* _WHAT THE TASK ASKS_
Your response should contain only the lines running from the top of the data below through the line with "ขายคอนโด : คิว", both included. Pictures must be omitted.
============================================================
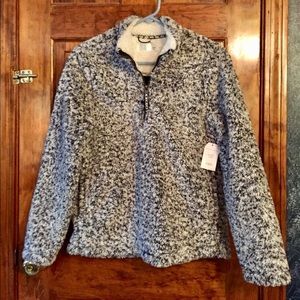 Soft Sherpa pullover fleece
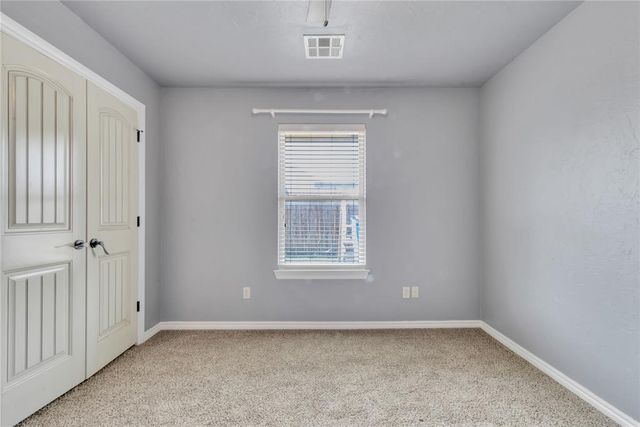 566 W Hunters Court Way, Mustang, OK 73064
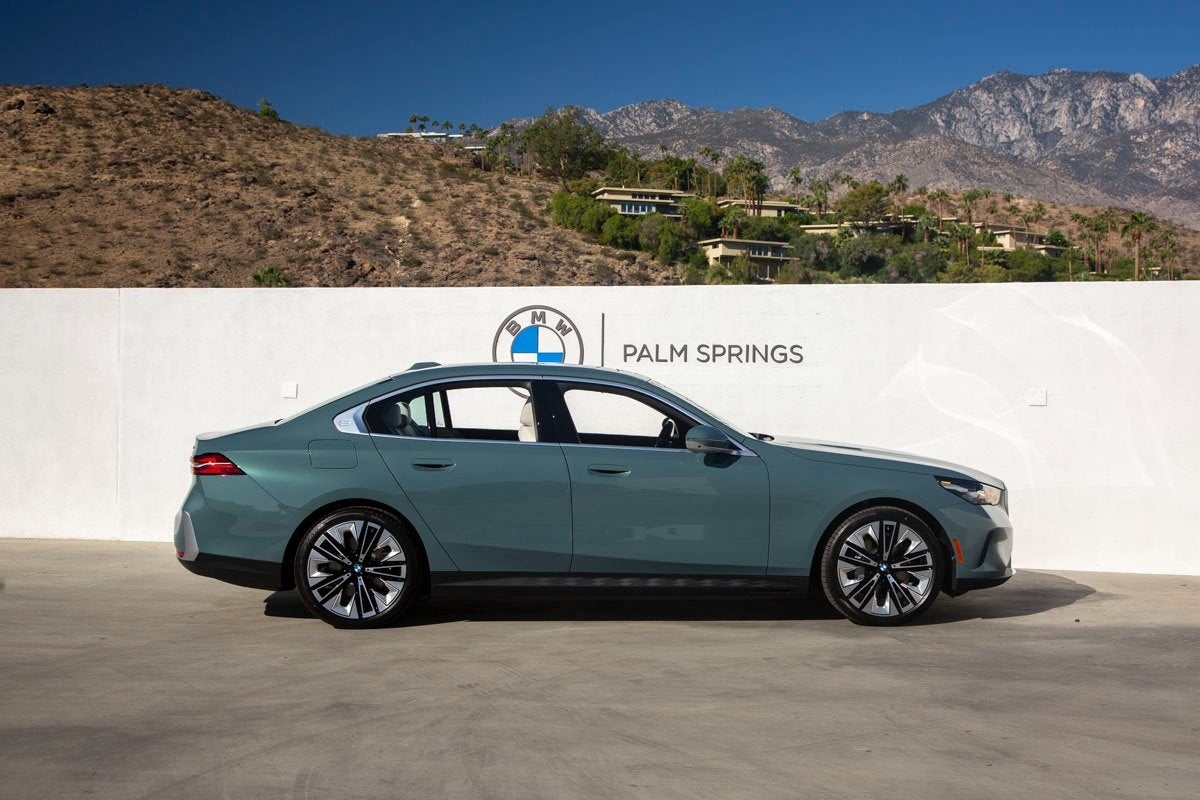 2026 BMW i5 eDrive40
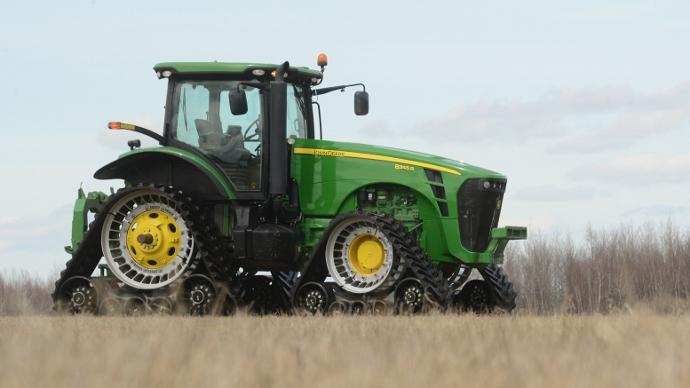 John Deere 8030 chaussé en Soucy Track S-Tech 800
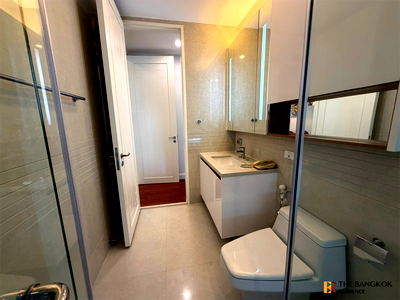 ขายคอนโด : คิว หลังสวน ใกล้ BTS สถานีราชดำริ ยูนิต Luxury หรูหราแบบไม่ต้องรอ
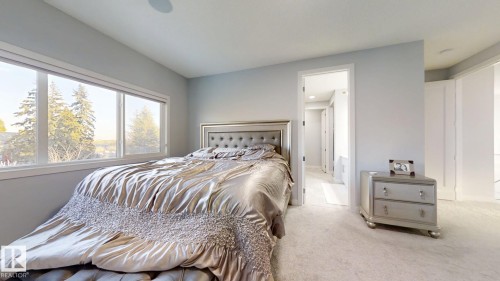 215 Glenridding Ravine Road, Edmonton, AB - Indoor Photo Showing Bedroom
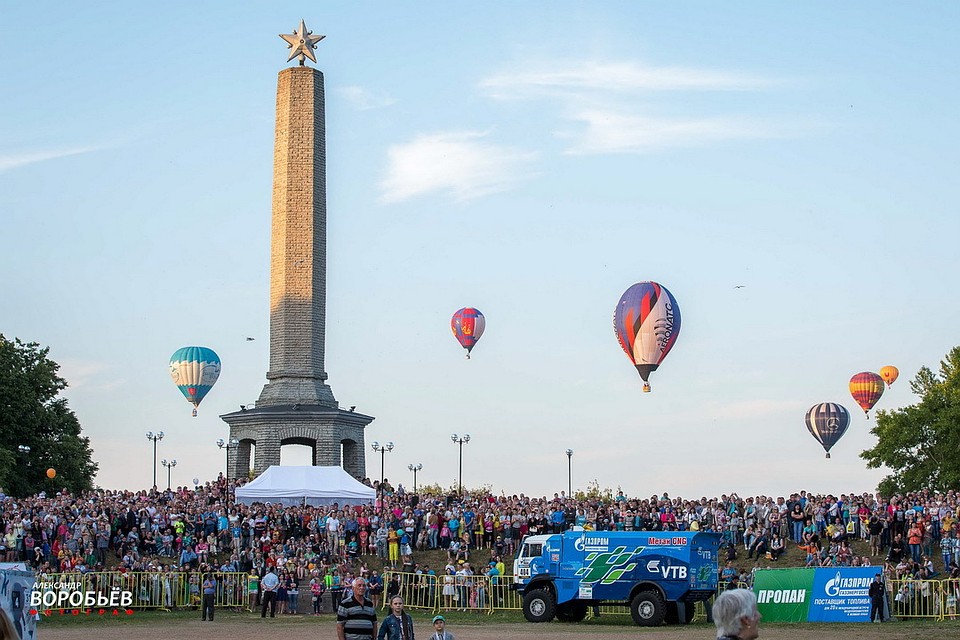 На побывавших в полёте открытках поставят специальные штампы. Фото: Александр Воробьёв.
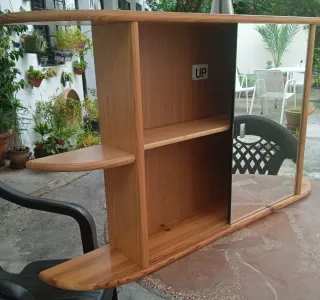 Mueble de baño de madera sin usar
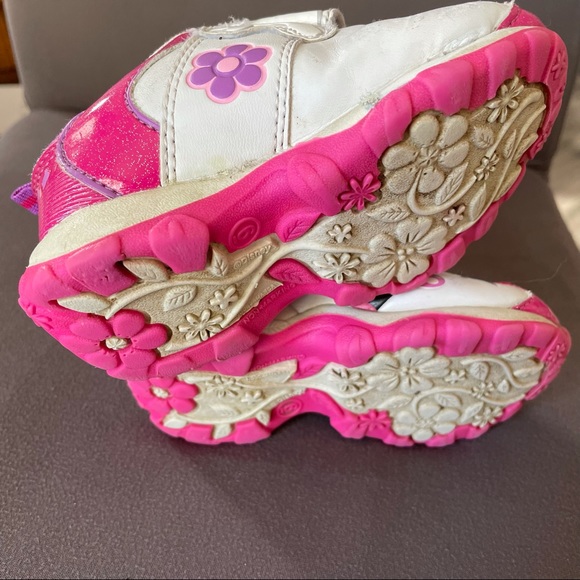 DisneyJunior Minnie Mouse Running Shoes Kids - Picture 10 of 11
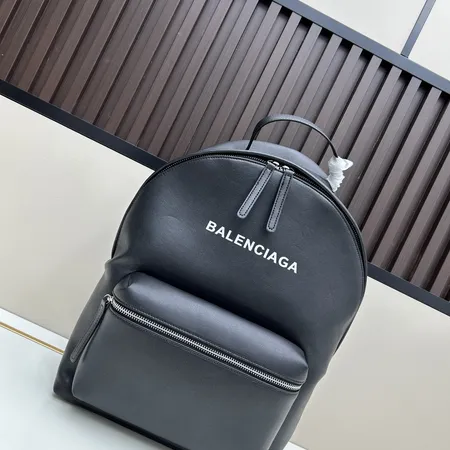 バレンシアガ リュックサック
============================================================
* _ANSWER BOX_
 Soft Sherpa pullover fleece
 566 W Hunters Court Way, Mustang, OK 73064
 2026 BMW i5 eDrive40
 John Deere 8030 chaussé en Soucy Track S-Tech 800
 ขายคอนโด : คิว หลังสวน ใกล้ BTS สถานีราชดำริ ยูนิต Luxury หรูหราแบบไม่ต้องรอ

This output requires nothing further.